Lelia was excited to hear that and she asked if we could visit the site, just Dad and Daughter, the next time that I was visiting her in Carbondale. So we were visiting her on Parents' Weekend on the weekend of October 20, 2018 and I made arrangements to rent a car and drive to the battlefield on Sunday the 21st.
With a drive of about 2.5 hours one-way, we had a lot of time to catch up on things and have some lively discussions and debates about the state of the world today. That is priceless, as they say.
|Lelia and a 12-pound Napoleon|
When we arrived at the battlefield the first thing that we did was to stop in at the visitors' center so that Lelia could get a good background and overview of the battle and of General Grant's 1862 Campaign. We talked to one of the park rangers and he was envious that I had a daughter who was interested in Civil War history. "I hope that my kids will like the Civil War too," he said.
So we did the driving tour of the battlefield, stopping and getting out of the car at various places along the route. We got to see some very well preserved entrenchments and quite a good collection of artillery pieces.
Lelia's favorite spot in the park was the view of the Cumberland River at the Lower Battery. I explained how Captain Foote tried to pass his flotilla of ironclad gunboats by the fort and reduce it with artillery fire at close range. This tactic had worked at nearby Fort Henry (which guarded the Tennessee River), but not so much at Fort Donelson. The battery of ten giant 30-pound Columbiad fortress guns pounded Foote's flotilla so hard that they had to turn around and retreat.
|The lower river battery overlooking the Cumberland River.|
|Park display sign that provides information about Foote's attempt to capture the fort from the river, |
in the same manner as used to capture nearby Fort Henry.
|I think that this is a 20-pound Parrot.|
|A view of the 30-pound Columbiad fortress cannon in the battery overlooking the Cumberland River.|
I have visited the battlefield three times now and I had yet to see the Dover Hotel, where Confederate General Simon Bolivar Buckner surrender his army of 13,000 to Union general Ulysses Simpson Grant. When Buckner asked Grant what the terms of surrender would be Grant replied,"I have nothing to offer but complete and unconditional surrender of your forces." Grant made it clear that if Buckner did not surrender, that he (Grant) was prepared to assault the fort with his army within the hour. Buckner accepted the terms.
Since Grant's initials were U.S. Grant, the Northern press took to calling him "Unconditional Surrender Grant."
It was late in the afternoon by the time we reached the Dover Hotel and discovered that it closed at 4PM. We arrived there at 4:15PM. So I have still not seen the hotel, at least from the inside, but I was able to view it from the outside.

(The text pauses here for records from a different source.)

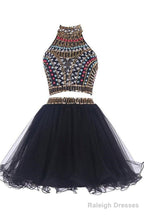 Two Pieces Backless Black Homecoming/Prom Dress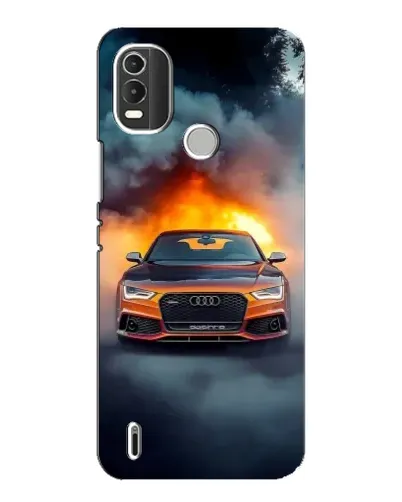 Чехол для Nokia C21 Plus с картинкой «Audi в огненном дыму»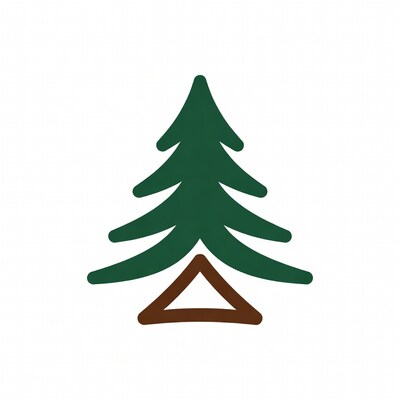 Green Pine Tree with Brown Tent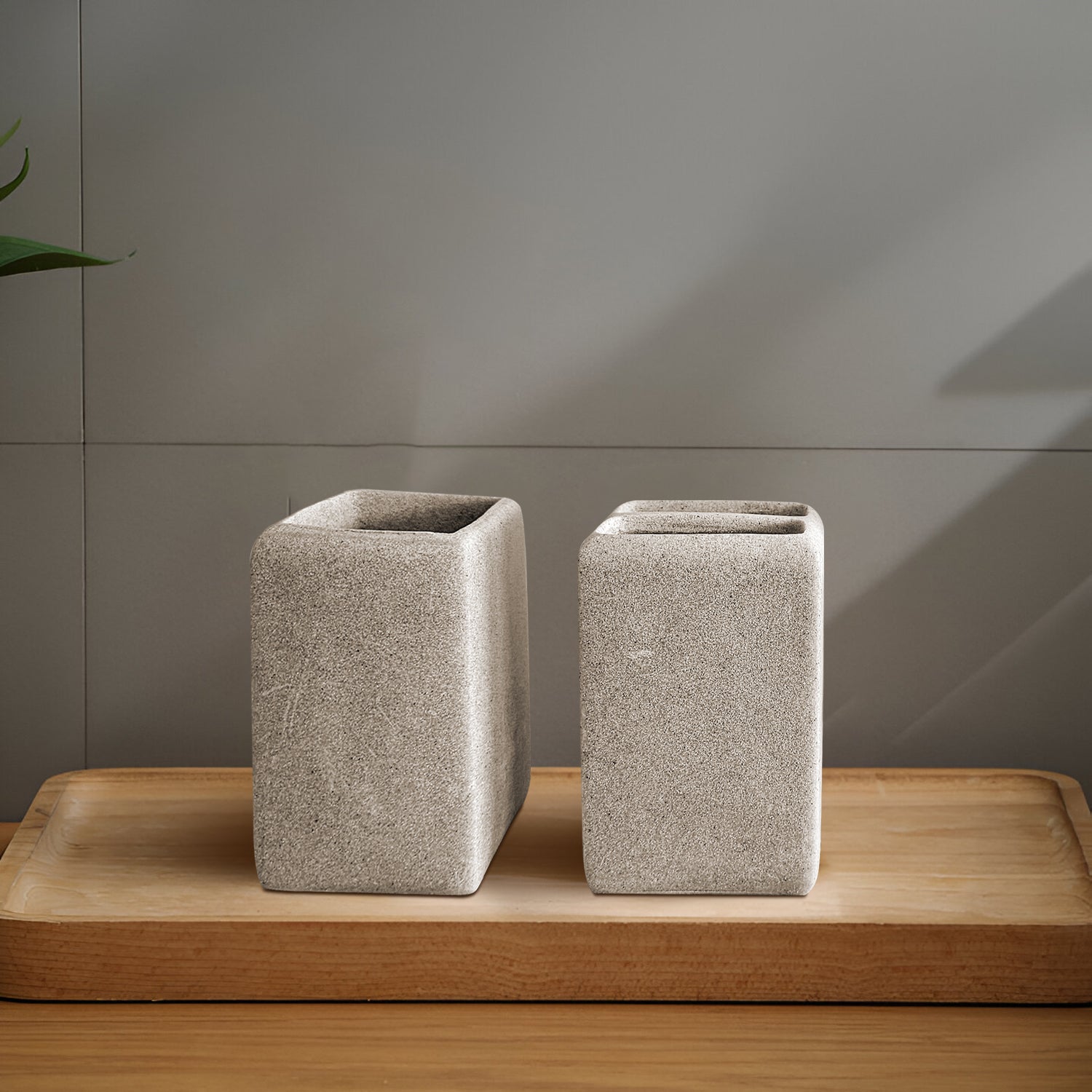 Modern Resin Bathroom Accessory Set: Lotion Dispenser, Toothbrush Holder, Tumbler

|Lelia at the Dover Hotel, where General Simon Bolivar Buckner surrendered to Unconditional Surrender Grant.|
The following Monday, we took the Amtrack train from Carbondale to Chicago and returned home. Lelia had developed a case of bronchitis and so her school recommended that she go home with us and get well for a week.
|On the way home on the Amtrack train.|
I have now taken the train on this route three times and I still am in awe of the sight of the Chicago skyline as the train rolls towards the final stop at Union Station.
|Home is in sight - the impressive Chicago skyline from the south of the city.|
We both had a great time on our first battlefield visit. I told Lelia that Fort Donelson was the very first Civil War battlefield that I visited with my father. So history seems to be going in full circle. She wants to see more battlefields with me, and soon. Given Carbondale's proximity to Franklin and Shiloh, I would imagine that one or both of those sites will be the location of our next battlefield tour. I can't wait!